07 June 2006

Databases for Laypeople: Part 4 in a series

Hypertext and the Relational Database
(Table of Contents--Part 3)

It's somewhat unorthodox to introduce the relational database as a form of hypertext.* But consider the parallels: in order to allow a user to access data in a relational database, the RDBMS has designated key fields for each record that are also a referring field someplace else. In each hypertext document, a part of the document is its address (analogous to the key field), which will appear in the referring hypertext document as a part of a hotlink.

The structure of information in a relational database may be understood, for the time being, as if it were a page in Wikipedia. Each record may be compared to a Wikipedia entry, with some of the fields (or words in the article) linking to other records in other tables. This analogy is not perfect; for example, an article about prime ministers of Peru will link to other "records," or articles, about other prime ministers of Peru. In contrast the object of a relation between two different fields is to link two different types of record--records kept in different tables. That's a flaw in the analogy, and in fact in cases where data records are used professionally--like patents or legal rulings--the hypertext online references do employ distinct tables for structurally different forms of data.

Search portal for the US Patent Office
In order to over come this flaw in the analogy, we need to imagine something with a more professionally focused, but still easy to intuit: a hyperlinking, searchable, US Patent Office-style web page. Like a wiki, it is edited constantly, in this case by users/editors who have applied for a patent, or who are responsible for authorizing those patents. Unlike the most famous wiki, viz., Wikipedia, the records are fundamantally different in character and are stored in different "tables" depending on whether they are Utility (i.e., a new technical innovation that fulfills an identified purpose), Design (i.e., just a refinement of applied art), Plant (e.g., a flower), Reissue, Defensive Publication, or something else. Like many multi-user databases, this allows different users different types of permission: everyone may read Wikipedia or the patent data available above, but only a small number may edit the information. Applicants may edit their application; the USPO staff may edit the status of the application, based on office rulings.

Finally, as with all wikis, a database is edited by many people concurrently, who may sometimes have updates that conflict directly with each other. In some cases, this can have disastrous consequences!

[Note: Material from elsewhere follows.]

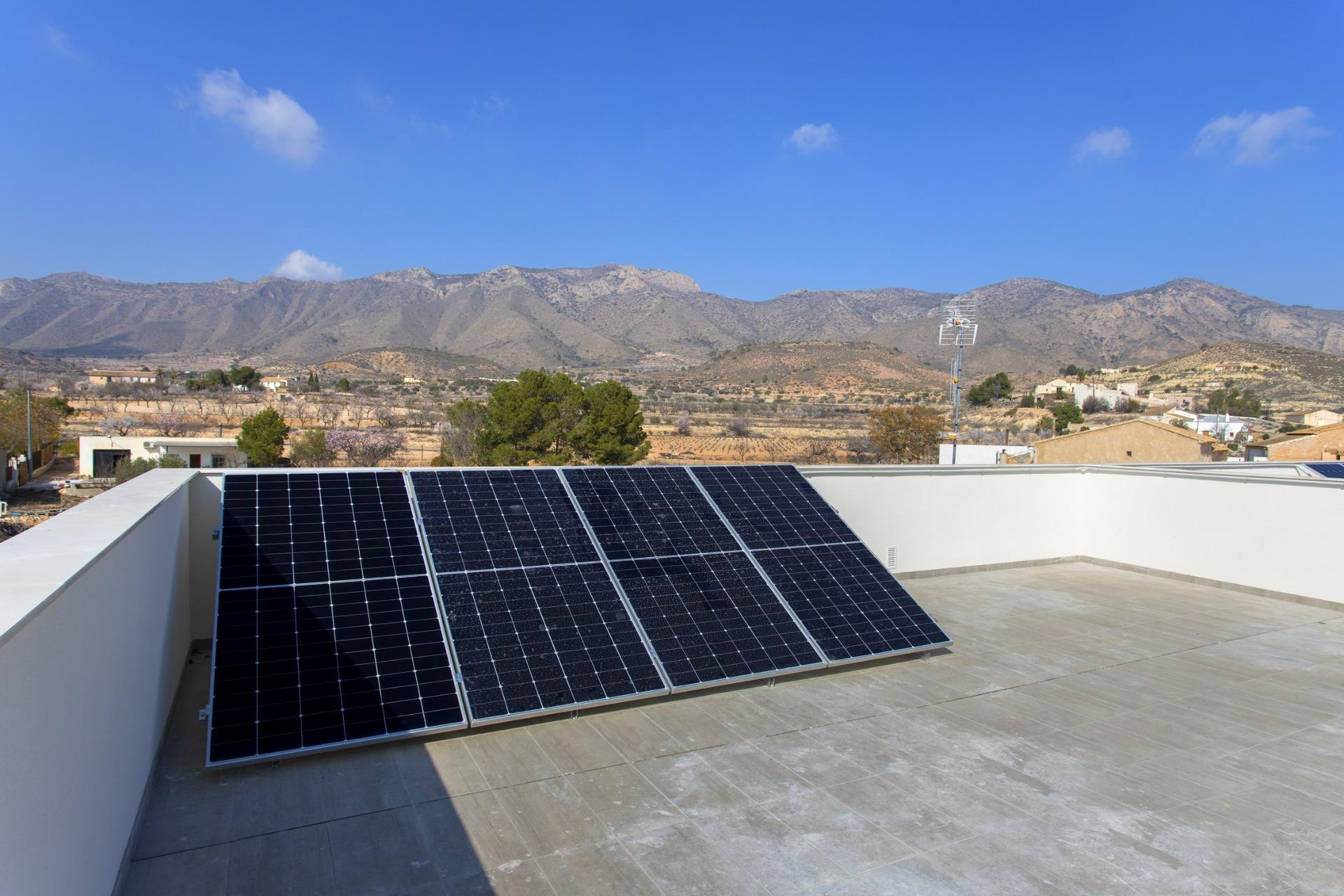 Nieuwbouw woningen - 1. Appartement / flat - Hondón de las Nieves - Costa Blanca Zuid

In a database, a record with exactly one related record in another table is pretty rare. One example is the office where each employee has one and only one computer, which is associated strictly with that employee. With database design and capabilities, the possible exceptions to this have to be considered: a computer used by potentially several different employees, or an employee who needs access to several workstations in the office, will make a one-to-one relation impossible for that particular pair of tables. On the other hand, if it does exist, then the fields for "computer" are likely to be part of the employee record.

Typically we think of the page that links to many other pages as being the home page, or site-map. For example, imagine a simple web page with a list of links to articles (example). In database design, the relationship might involve contacts for one's vendors: our imaginary event-arranging company might have half a dozen contacts at Aramark, but each contact will be for only one firm. Aramark has many employees, but each employee works only for one firm.

Much of the time, one encounters "promiscuous" relations: again, with our imaginary event-management company, clients and events can have a many-to-many relationship as well. For example, a book show might be held several times a year, each year. Each event features scores of firms selling books. For purposes of billing, the event-management company has to be able to locate information about each client (or each vendor) related to each event, and for planning each event the staff needs to access information about each event related to each client.

A chart showing the relationship between the entities "Clients" and "Events" might look like this:
The problem of relating an unknowable number of clients to a corresponding, but unknowable, number of events, is solved by having each client on the client table linked to a client:event table. In this way, the "real" master table includes the minimal information about each client:event record.

(Part 5)
* Somewhat unorthodox--but not unheard of. See "From Database to Web Site: Transforming a PC Relational Database to a World Wide Web Resource," by Jane A. Keefer, West Chester University:
Once the discographic file name parameters are established, active hypertext linking is available between all performers and titles simply by using the primary key for each record as the value of the HTML Anchor Name tag. Since each primary key is unique, the correct reference is assured and this device illustrates the functionality of the relational file structure as an early form of hypertext technology, much as the card catalog with its main and added entries can now be seen as a crude effort at relational data structuring.
The blog and the wiki are both examples of cgi-administered databases.